Charles McGee served seven months in prison, and now works at campaign school for GOP candidates, run by a Republican political marketing firm.

===White House connections===
A Democratic analysis of phone records introduced at Tobin's criminal trial show he made 115 outgoing calls to the White House between September 17 and November 22, 2002. Two dozen of the calls were made from 9:28 a.m. the day before the election through 2:17 a.m. the night after the voting, a three-day period during which the phone jamming operation was finalized, carried out, and then abruptly shut down.

Virtually all the calls to the White House went to the same number, which currently rings inside the political affairs office. In 2002, that office was headed by Ken Mehlman, who later became the chair of the Republican National Committee. The White House declined to say which staffer was assigned that phone number.

The national Republican Party, which has continued to pay millions in legal bills to defend Tobin, says the phone calls involved routine election business and that it was "preposterous" to suggest the calls involved phone jamming. Mehlman said that the calls were simply part of the many he and his assistant made to field operatives in competitive races all over the country during that time period.

Later in April, the state Democratic Party asked Phillip Mangones, the judge presiding over its lawsuit against NHGOP, to allow them to question Mehlman. An activist said Mehlman's explanation that it was routine election-day campaign business is hard to reconcile with records showing Tobin continued to call Mehlman's office long after the election was decided in Sununu's favor.
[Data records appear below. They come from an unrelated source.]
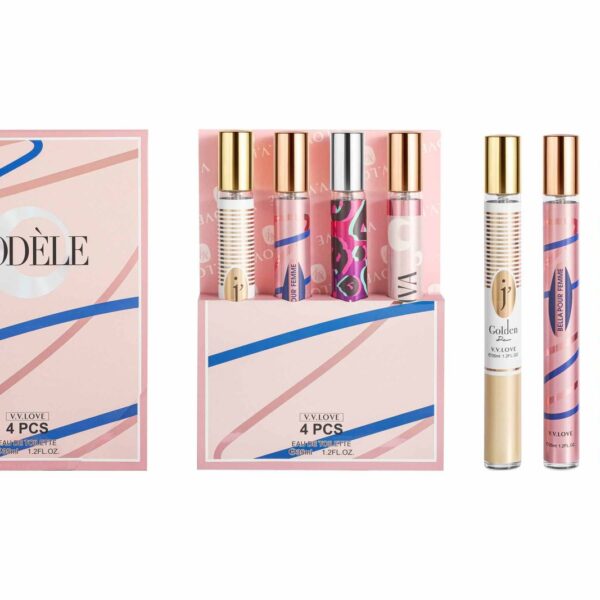 Mini Perfume Four-Piece Set VL9054-S8 – 35ml*4pcs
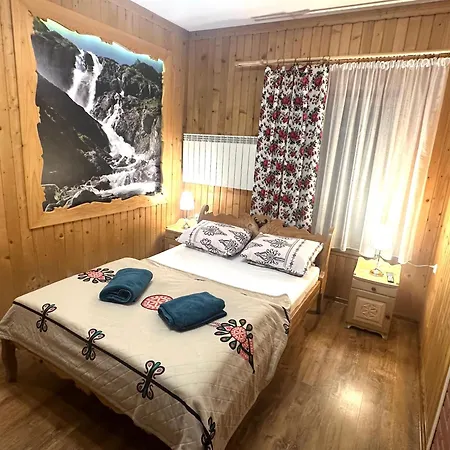 Wesola - Krupowki 37a -centrum Ubytování v soukromí Zakopane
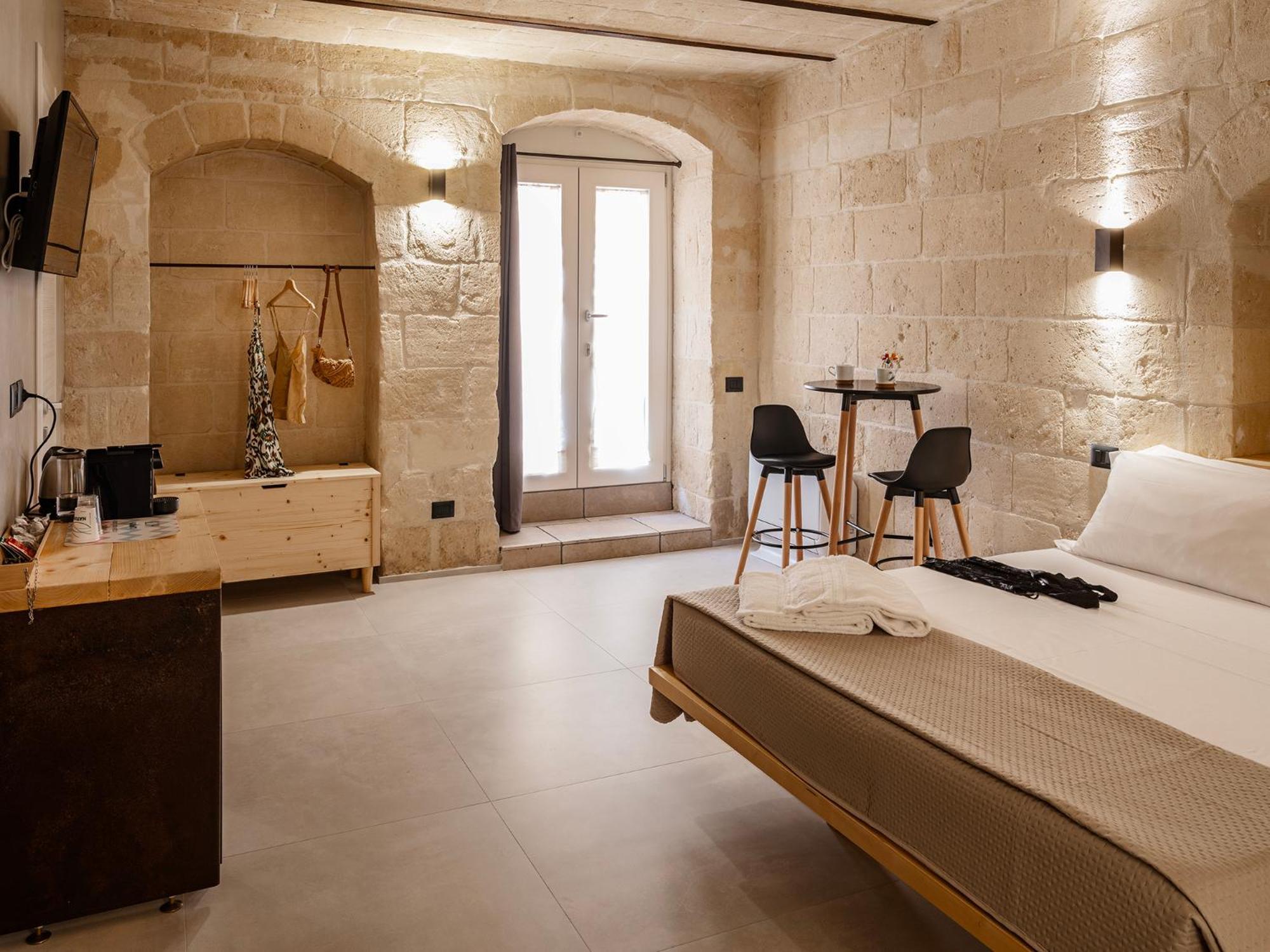 Hydria Rooms Matera Exterior photo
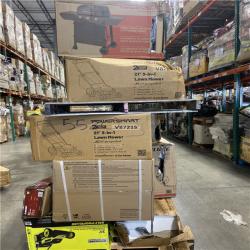 DALLAS LOCATION- AS-IS HOME IMPROVEMENT PALLET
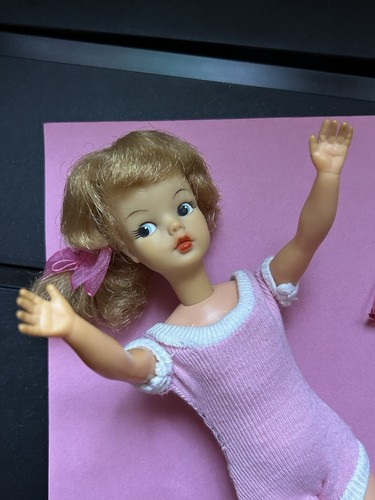 🩷 Vintage 1960s 1st Edition Ideal Made In Japan Tammy Doll & Outfit - VGC - Picture 7 of 23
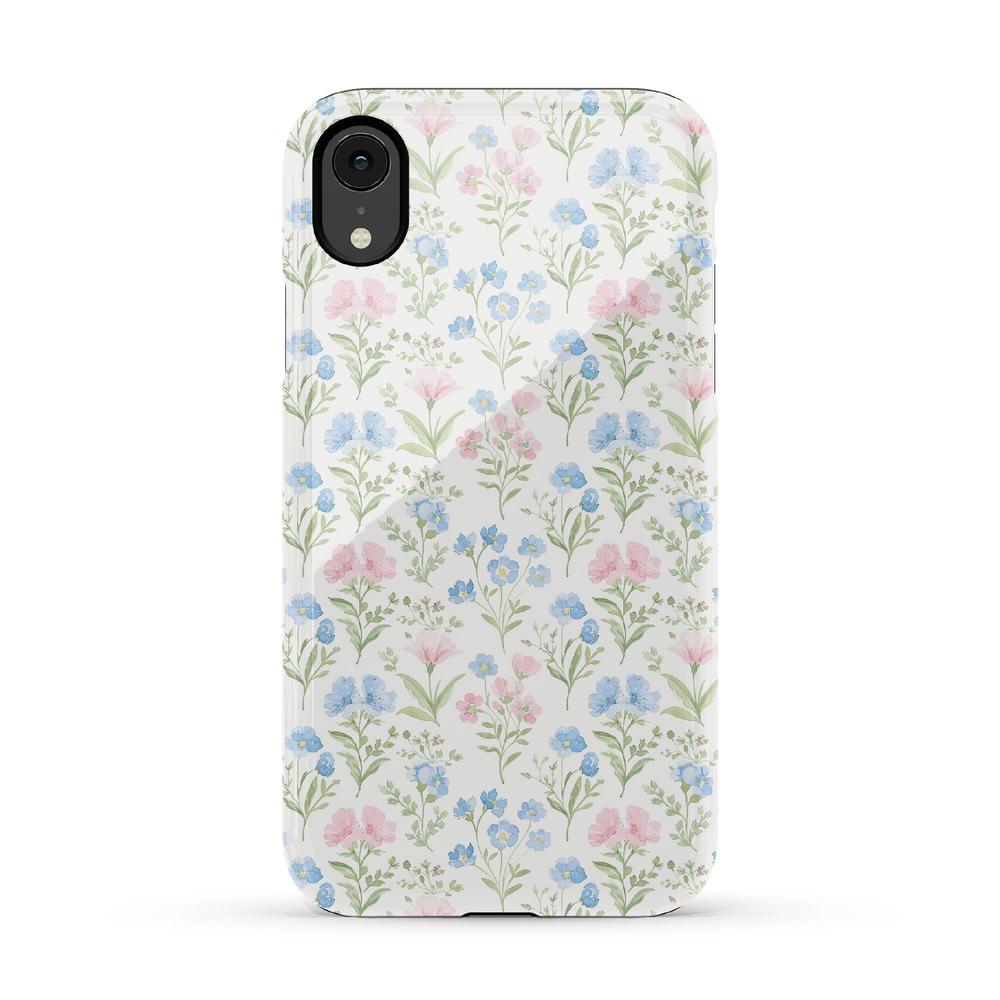 Pastel Garden | Sunday Best Case Phone Case get.casely Essential iPhone XR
Republican consultant Joe Gaylord accused the Democrats of "trying to stir up crap".

===Haley Barbour connection===
On April 28, 2006, the Associated Press reported that Haley Barbour, the former RNC chair now serving as governor of Mississippi, had provided a $250,000 startup loan to GOP Marketplace through his investment company, HELM Partners, in 2000. While he claimed that his involvement ended there and that he had no idea at the time that the company would ever engage in criminal activity, its operating agreement shows that HELM retained a great deal of control over the company through a different class of stock and that Barbour's partner Ed Rogers had, as a result, equal control of the company with Raymond. Further investigations showed that HELM had only been incorporated shortly before GOP Marketplace was started and that the partnership never invested in any other company. Raymond also owned two-thirds of the company despite his initial investment of only $11,700.

==Shaun Hansen==
On March 27, 2006, Shaun Hansen, the former owner of Mylo, traveled from Idaho to New Hampshire to face one count each of conspiracy to commit telephone harassment and aiding and abetting telephone harassment. Prosecutors allege that he agreed to use his firm to jam six phone numbers with hangup calls on the day of the election for $2,500.

Unlike Tobin, Hansen's defense has not been paid for by any entities associated with the Republican Party. Instead, he was represented by the federal public defender's office. The listing of possible defenses he might employ, as listed in his first filing, suggests he may have been led to believe, by Tobin and others, that the jamming was perfectly legal.

He pleaded guilty and was due to be sentenced in February 2007. Later he withdrew the guilty plea and sentencing was postponed until May 2008. The charges against Hansen were ultimately dismissed by the government.

==Special prosecutor sought==
On May 12, 2006, U.S. Rep John Conyers (Dem, Michigan) sent a formal request to U.S. Attorney Alberto Gonzales, asking him to name a special prosecutor to investigate the 2002 phone jamming. Conyers, the senior Democrat on the House Judiciary Committee, said an independent counsel was necessary to investigate allegations that White House officials may have been involved in the scheme, pointing out that the US Department of Justice "appears not to be reviewing the extensive contacts between the plotters of the phone jamming and high-level Republican officials."